2026-03-19 東北大学
図1. 妊娠期と仔の脳発達への影響(本研究の概念図)
妊娠中の免疫反応により免疫因子G-CSFが上昇すると、仔の前頭前野で未成熟シナプス構造の割合が増加し、成長後の社会性行動にも変化が生じることがマウス研究で示されました。
<関連情報>
- https://www.tohoku.ac.jp/japanese/2026/03/press20260319-02-G-CSF.html
- https://www.tohoku.ac.jp/japanese/newimg/pressimg/tohokuuniv-press20260319_web02_G-CSF.pdf
- https://www.sciencedirect.com/science/article/pii/S0889159126002825?via%3Dihub
母体顆粒球コロニー刺激因子は、子孫のシナプス成熟と社会的行動を変化させる Maternal granulocyte colony-stimulating factor alters synaptic maturation and social behaviors in offspring
Hinako Kirikae, Karina Kimura, Jinghang Fu, Zhengkang Sun, Hongbo Wang, Haruka Shibuya, Yoshiyuki Kasahara, Hirofumi Miyazaki, Yui Yamamoto, Mai Sakai, Zhiqian Yu, Shohei Ochi, Fumito Naganuma, Takeo Yoshikawa, Takashi Namba, Noriko Osumi, Hiroaki Tomita, Yuji Owada, Motoko Maekawa
Brain, Behavior, and Immunity Available online: 11 March 2026
DOI:https://doi.org/10.1016/j.bbi.2026.106534
Highlights
- Maternal immune activation (MIA) elevates G-CSF in both maternal and fetal compartments.
- Prenatal G-CSF exposure altered brain structure, behavior, and gene expression in both sexes.
- G-CSF disrupts synapse maturation and modulates microglial activity in vitro.
- G-CSF functions as a non-inflammatory mediator linking MIA to neurodevelopmental risk.
Abstract
Neurodevelopmental disorders, including autism spectrum disorder (ASD), arise from complex interactions between genetic and environmental factors.

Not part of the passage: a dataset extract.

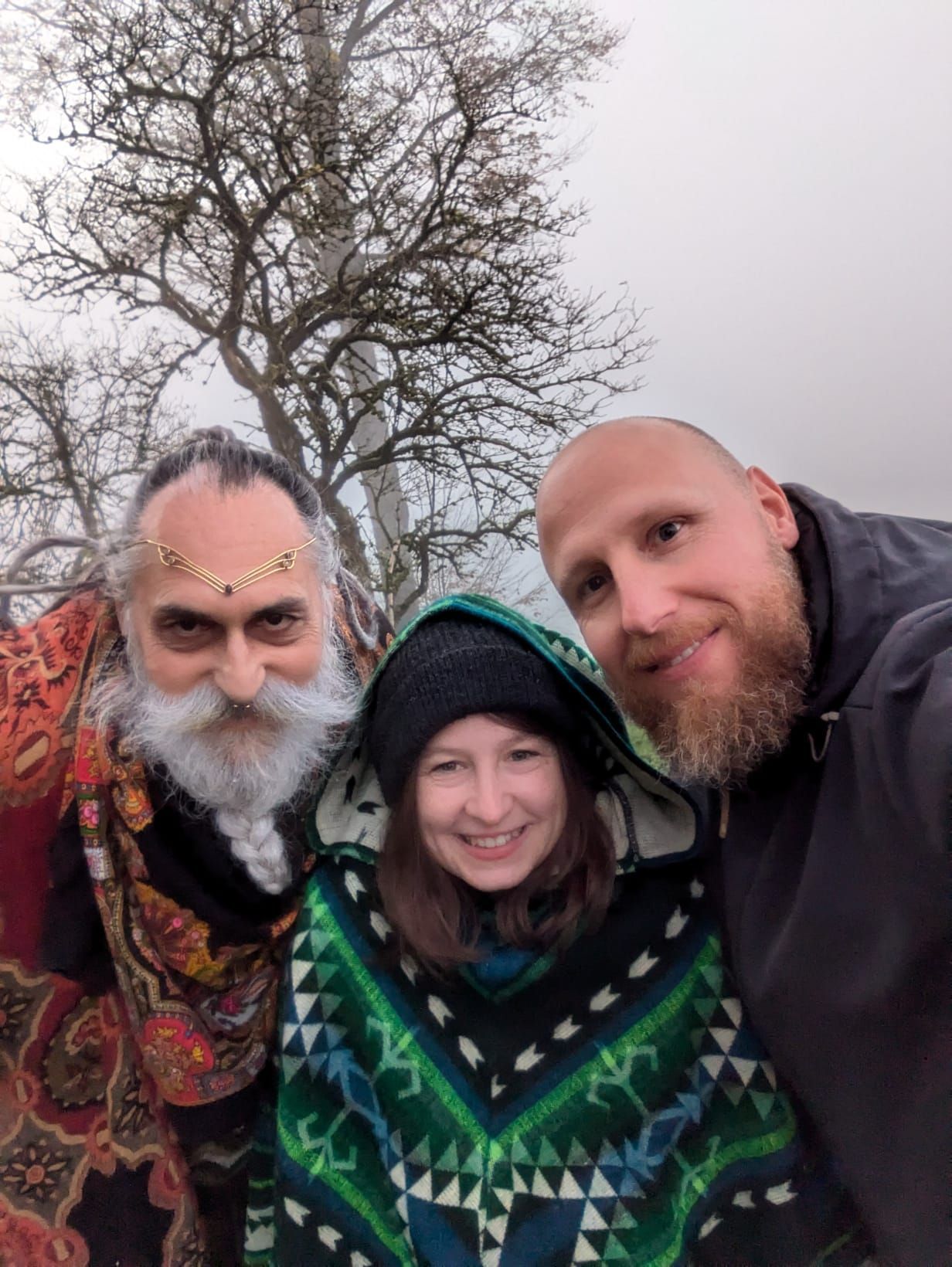 schamanisches Festival in Deutschland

Maternal immune activation (MIA) is a key environmental risk factor that disrupts embryonic neurodevelopment, primarily through inflammatory cytokines. However, the contribution of non-inflammatory cytokines, particularly hematopoietic growth factors, remains poorly understood. Here, we identified granulocyte colony-stimulating factor (G-CSF) as a candidate mediator of MIA-induced neurodevelopmental alterations. Polyinosinic:polycytidylic acid [poly(I:C)] administration to pregnant dams at embryonic day 12.5 (E12.5) significantly increased G-CSF levels in both maternal plasma and embryonic tissue. To assess its contribution to neurodevelopmental alterations, we administered human G-CSF (hG-CSF) to pregnant dams at E12.5. At the structural level, male offspring exposed to prenatal hG-CSF showed increased dendritic spine density and a higher proportion of immature spines in the medial prefrontal cortex. Behaviorally, both male and female offspring exhibited altered social preference. Bulk RNA-seq analysis of the prefrontal cortex revealed altered enrichment of pathways related to synapse organization, translation, and mitochondrial function in both sexes, with opposite directions of enrichment in males and females. In vitro, G-CSF attenuated synapse maturation and enhanced microglial phagocytic activity. These findings suggest that G-CSF may contribute to MIA-associated neurodevelopmental alterations, potentially through disrupted synapse maturation and microglial function. Our results highlight a hematopoietic pathway that may contribute to mechanisms underlying neurodevelopmental disorders, including ASD.